Aim of the task: Print, exactly and with no pictures, the line containing "Meet your Posher, Jason" and each line after it to the end of the entries below.

Extracted entries:
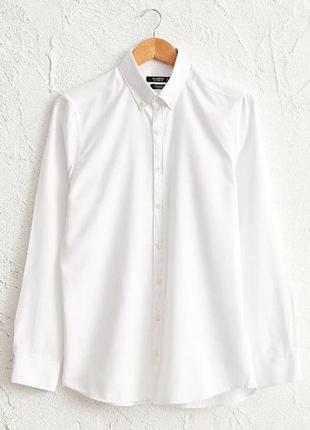 Біла чоловіча сорочка lc waikiki/лс вайкікі з ґудзиком на комірі, класика. фірмова туреччина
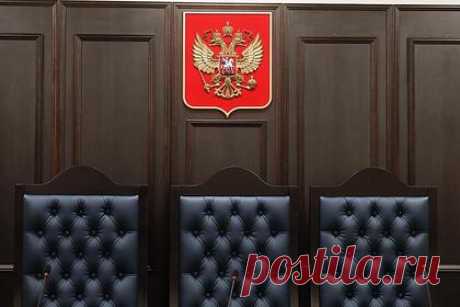 Суд смягчил приговор сыну полковника Росгвардии по делу о смертельном ДТП. Свердловский областной суд на четыре месяца сократил срок осужденному по делу о смертельном ДТП Владимиру Васильеву, сыну полковника Росгвардии Андрея Васильева. С него сняли обвинения в угоне автомобиля. Подсудимому предстоит провести в колонии восемь лет и 11 месяцев.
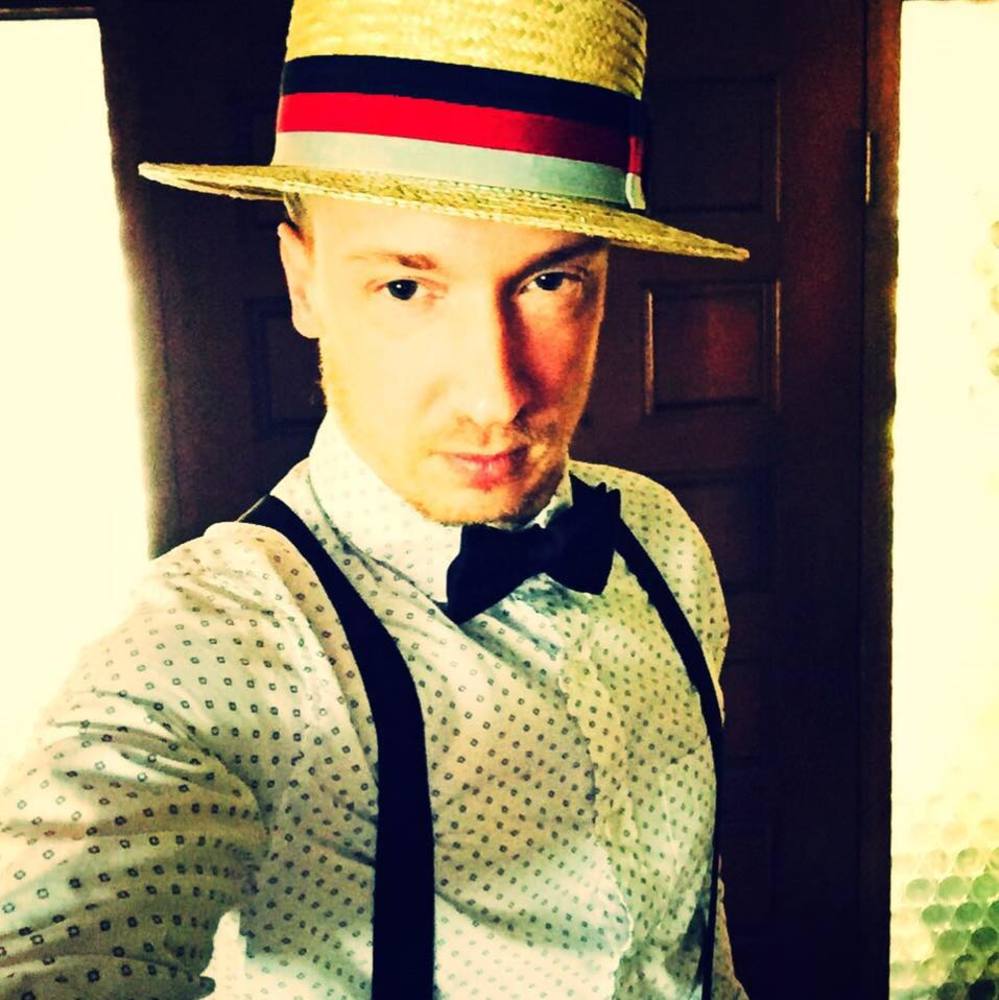 Meet your Posher, Jason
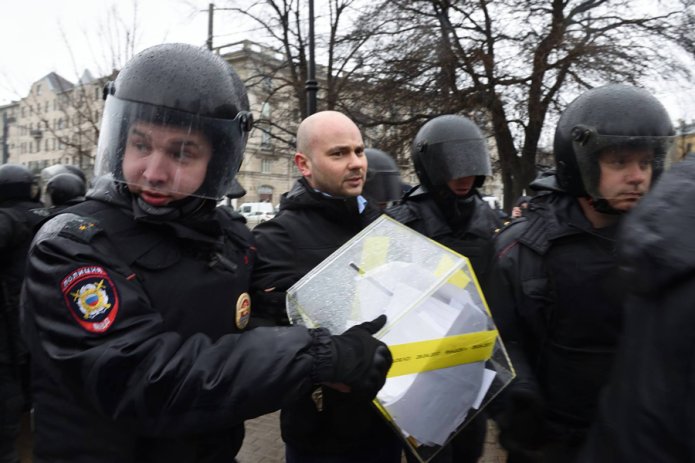 Задержание Пивоварова на акции «Надоел» / Фото с личной страницы Ивана Вольтского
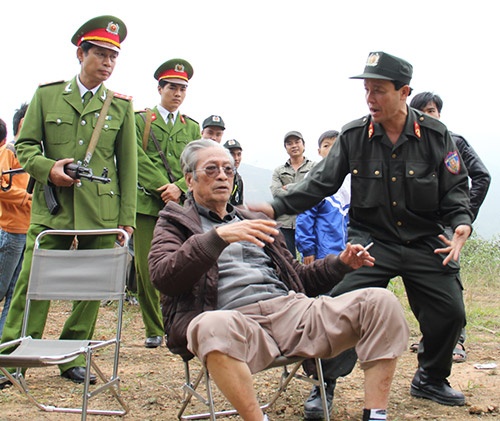 Đạo diễn Long Vân đồng tác giả kịch bản, cố vấn cho ekip thực hiện.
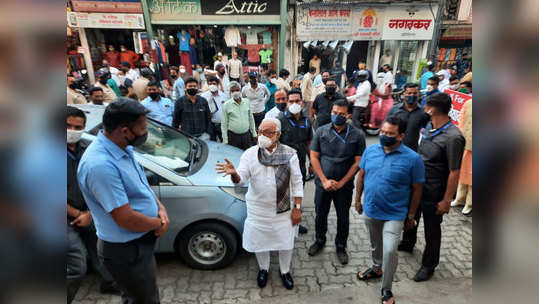 Nashik Lockdown Update नाशिक: छगन भुजबळ उतरले रस्त्यावर; लॉकडाऊनबाबत दिला स्पष्ट इशारा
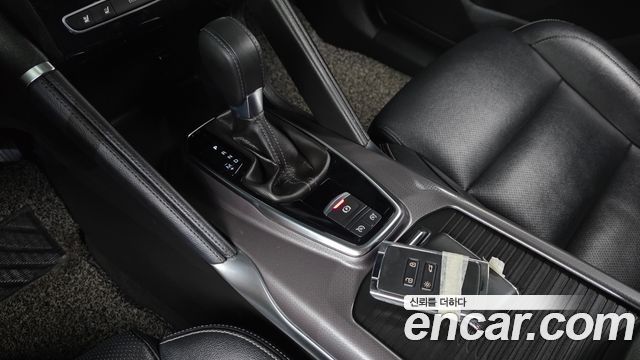 Renault Korea QM6 Gasoline 2WD RE 2018 — фото 9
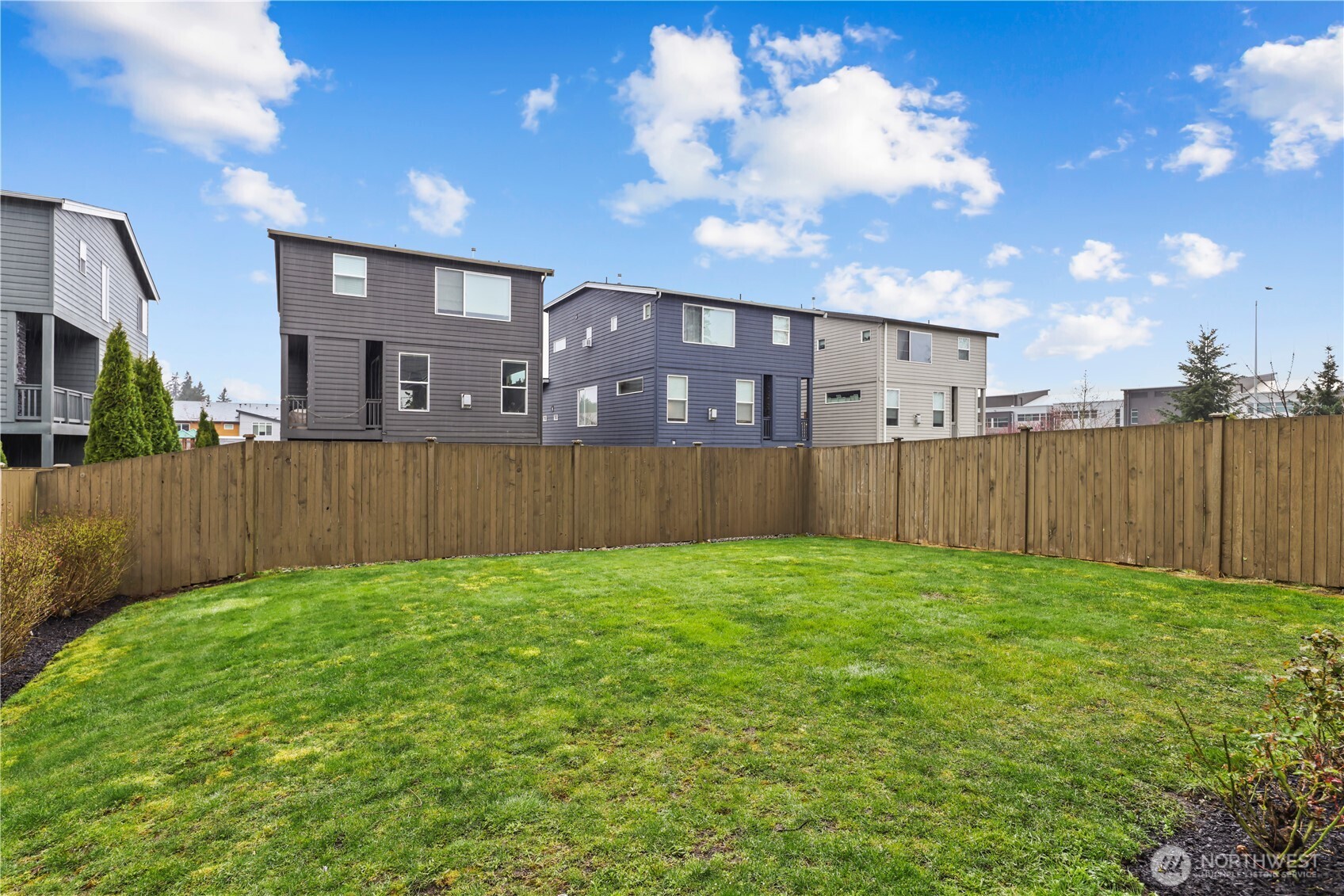 19210 38th Avenue Property Photo 27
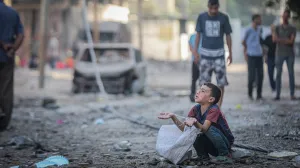 Palestinci stižu kako bi pregledali područje nakon napada koji je izraelska vojska izvela na kuću u vlasništvu porodice Al Masri u centru Gaze, Gaza, 20. augusta 2025. Veliki dio porodične kuće je uništen u napadu, a oštećene su i okolne zgrade/Hamza Z. H. Qraiqea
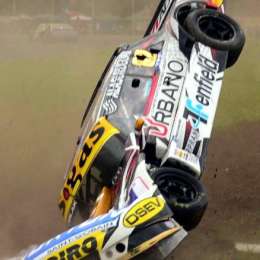 Terrible choque de Lambiris contra el talud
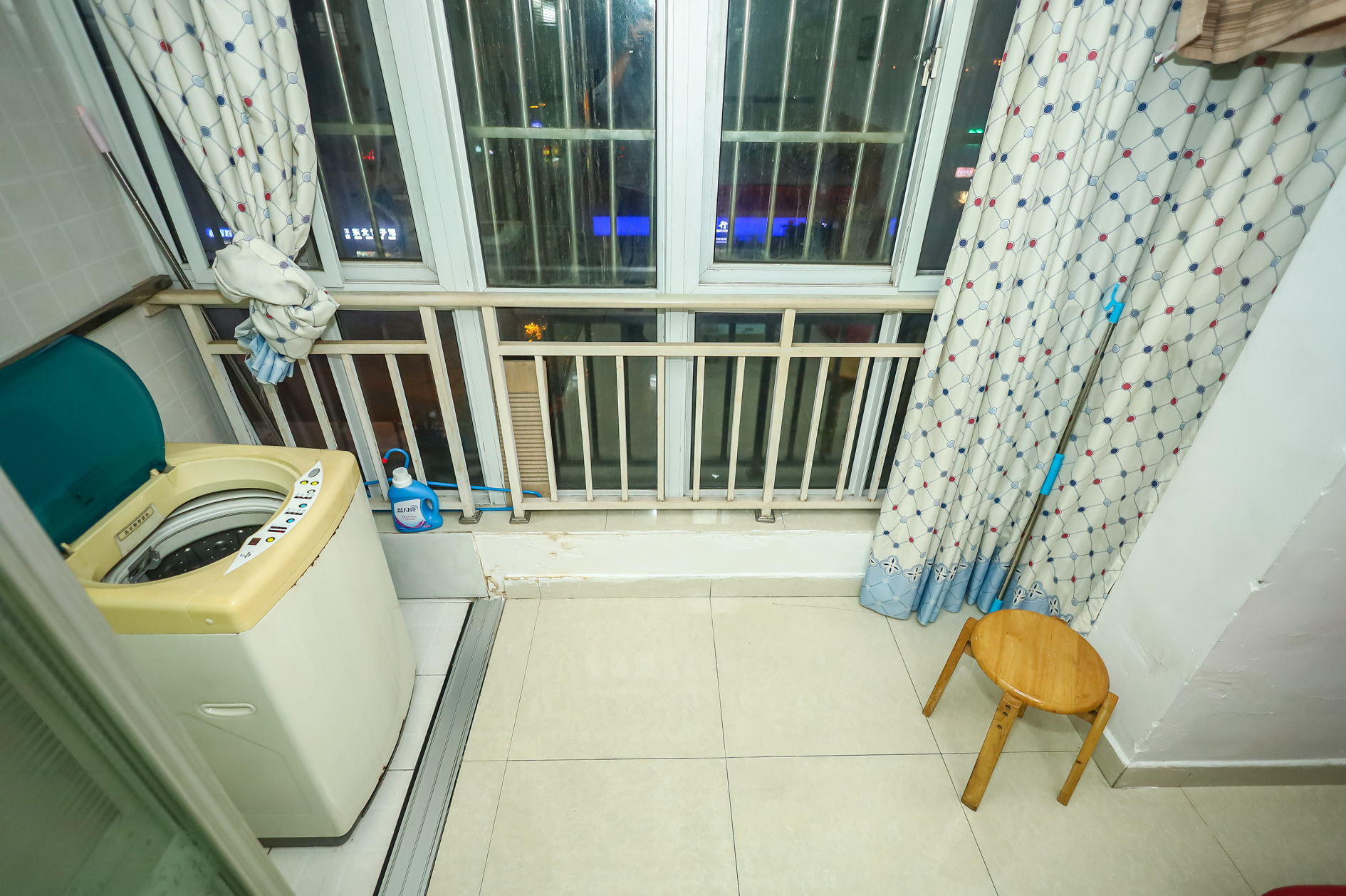 时代星城 1室1厅1卫 20.5万 时代星城 1室1厅1卫 20.5万阳台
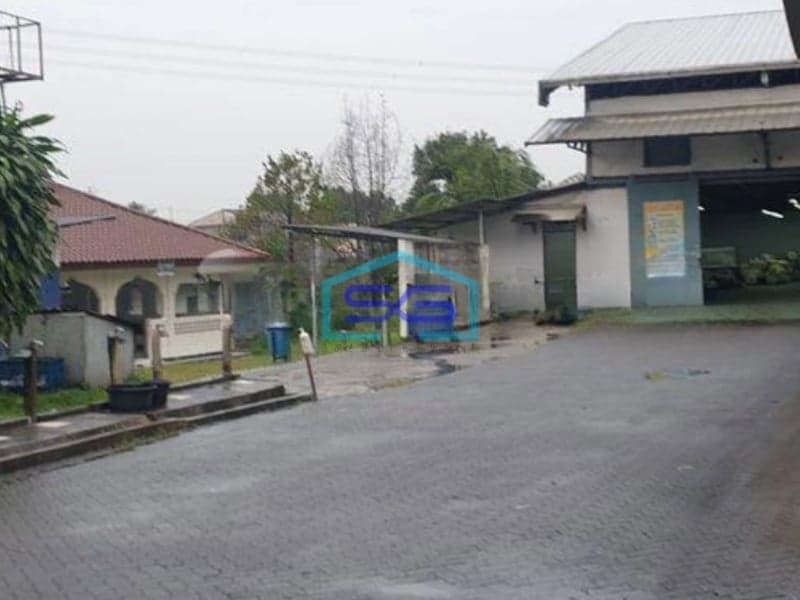 Dijual Pabrik di Pinggir Jalan Daerah Gn. Putri Bogor LT 21000m2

Task response:
 Meet your Posher, Jason
 Задержание Пивоварова на акции «Надоел» / Фото с личной страницы Ивана Вольтского
 Đạo diễn Long Vân đồng tác giả kịch bản, cố vấn cho ekip thực hiện.
 Nashik Lockdown Update नाशिक: छगन भुजबळ उतरले रस्त्यावर; लॉकडाऊनबाबत दिला स्पष्ट इशारा
 Renault Korea QM6 Gasoline 2WD RE 2018 — фото 9
 19210 38th Avenue Property Photo 27
 Palestinci stižu kako bi pregledali područje nakon napada koji je izraelska vojska izvela na kuću u vlasništvu porodice Al Masri u centru Gaze, Gaza, 20. augusta 2025. Veliki dio porodične kuće je uništen u napadu, a oštećene su i okolne zgrade/Hamza Z. H. Qraiqea
 Terrible choque de Lambiris contra el talud
 时代星城 1室1厅1卫 20.5万 时代星城 1室1厅1卫 20.5万阳台
 Dijual Pabrik di Pinggir Jalan Daerah Gn. Putri Bogor LT 21000m2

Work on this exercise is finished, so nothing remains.